On Saturday night, of the Knicks 31 attempts from deep, 22 were taken by those who most consider their four of their five best shooters from long range: Marcus Morris (4-for-8), Damyean Dotson (2-for-8), Kevin Knox (2-for-4) and Bobby Portis (0-for-2). That works out to 36 percent, which is right at New York’s season average, and a perfectly fine number given enough volume. Dotson in particular was ready to fire away whenever he saw the ball – a welcome change which, if it eventually makes its way into scouting reports, should help loosen things up.

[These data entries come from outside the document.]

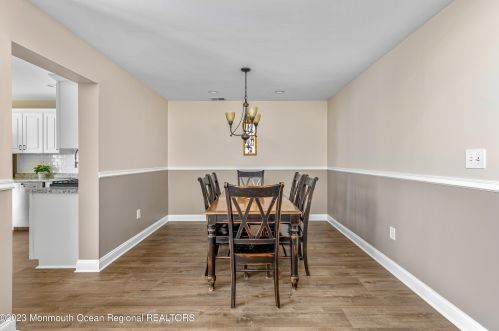 32 Picket Pl, East Freehold NJ  07728-9532 exterior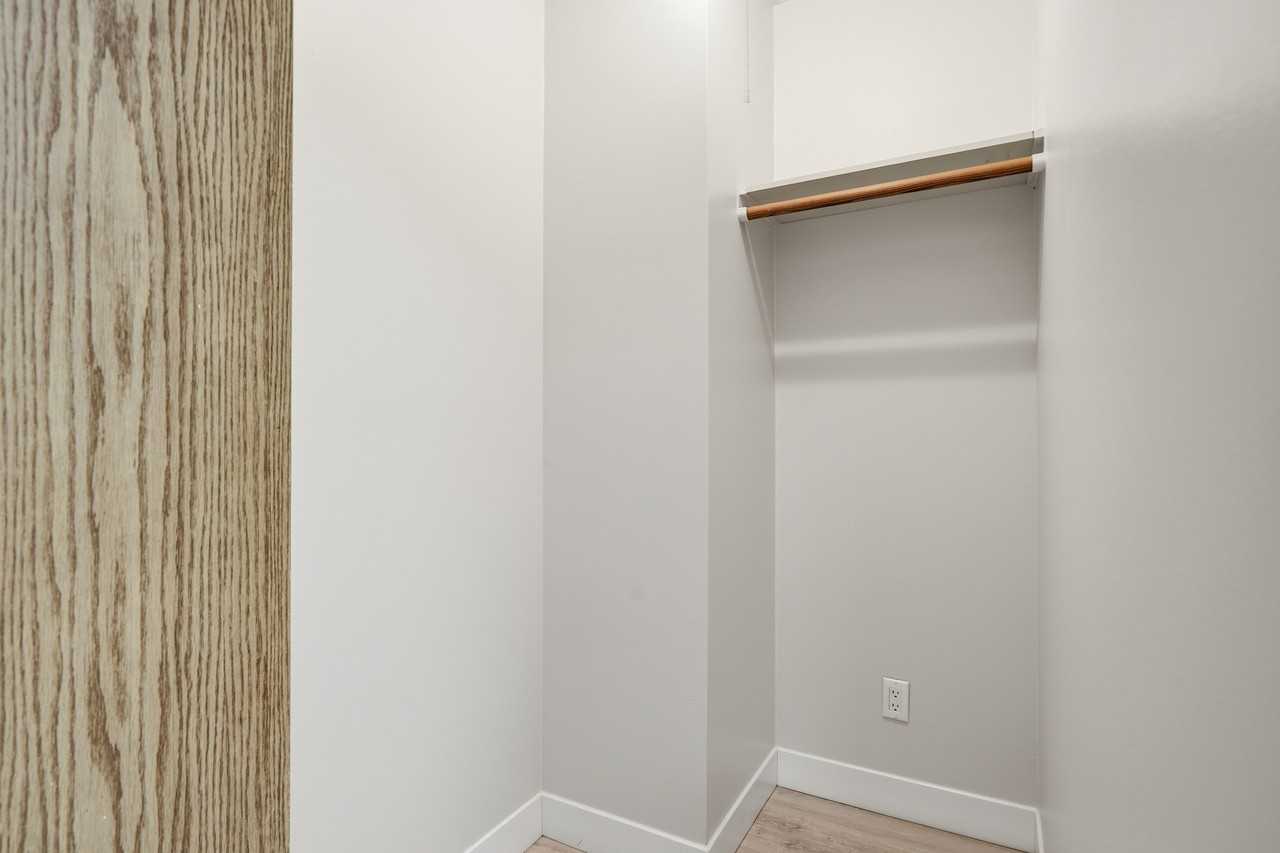 5057 47A Avenue #325 - Photo 6 of 11
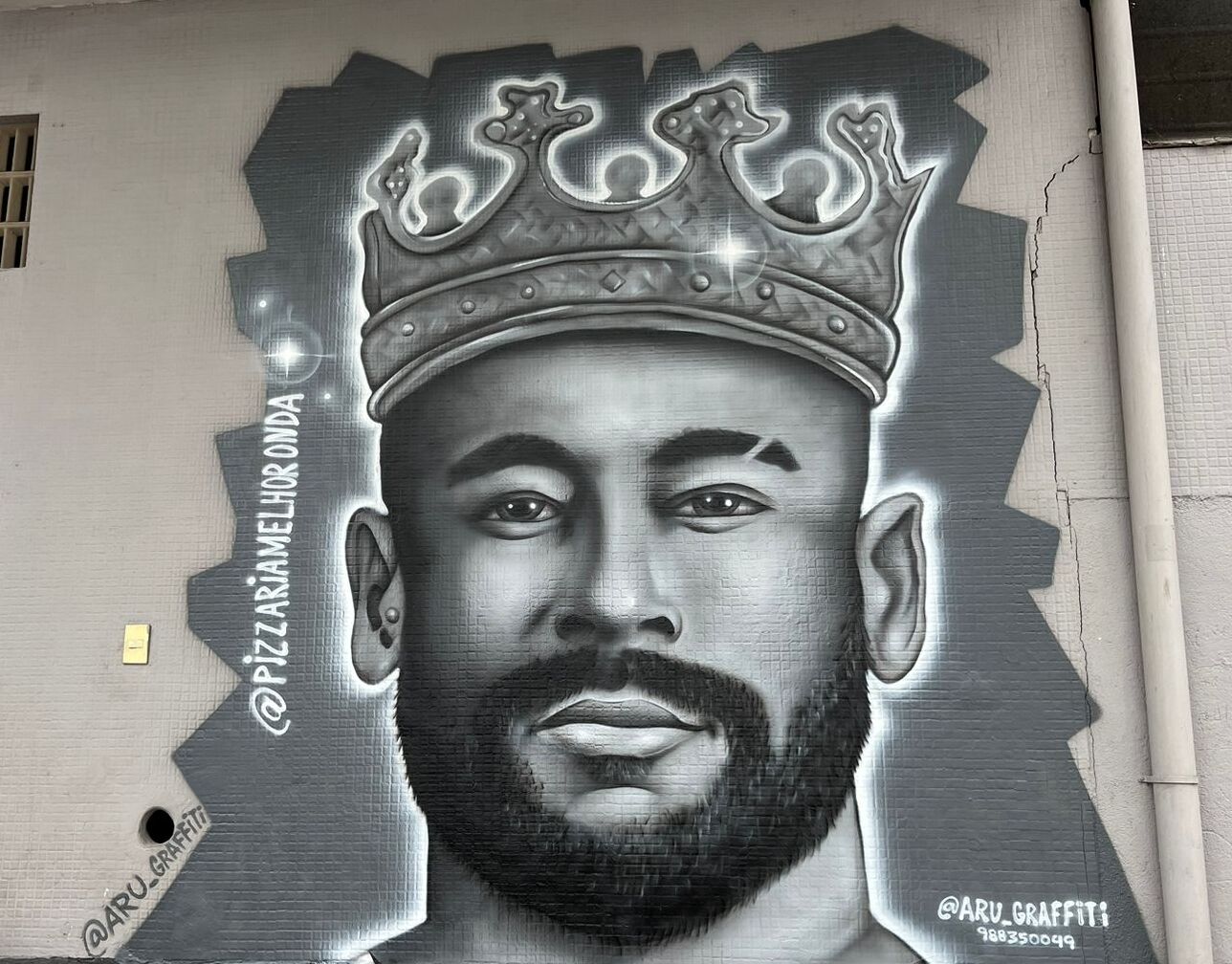 Neymar no muro perto da Vila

Meanwhile, brickity brick brick-layers Julius Randle (23.8 percent on a staggering 80 attempts) and Dennis Smith Jr. (29 percent on 31 looks) only took one long-ball each, and Randle’s was a wide open look from the corner.

Finding creative ways to get his shooters more open looks seemed to be a priority in Mike Miller’s first game. The Knicks set cleaner screens and ran several actions we haven’t seen much of, at least not successfully executed ones. If the rotations continue to trend towards going smaller and more shooter-heavy, things should get even better.

We already saw some positive signs, but with more work to be done:

In the first play here, the Knicks get lucky that T.J. Warren - not the most aware defender, which is ironic considering who he's guarding on the play - sticks to Julius Randle when he should be helping prevent the drive by Frank. He doesn't, and the seas part.

In the second play, both Sabonis and Holiday (correctly) help off Randle and Ntilikina, respectively, which seems to form a brick wall. Thankfully, RJ Barrett makes a perfect pass and Mitchell Robinson is a human pogo stick, so it doesn't matter. Ideally, from here on in, the Knicks won't need to worry about poor defense and/or perfect plays to get their kids valuable experience.

If the rest of this season truly is all about development (spoiler alert: it is), putting the ball handlers in pick and roll situations that they can actually succeed in has to be among the highest priorities. If that happens, not only should Mitchell Robinson's roll frequency increase, but the Knicks' guards should be able to get more practice with basketball's most utilized play in more optimal situations.

The season might not have gone how many hoped, but it doesn't make what happens from here on in any less important.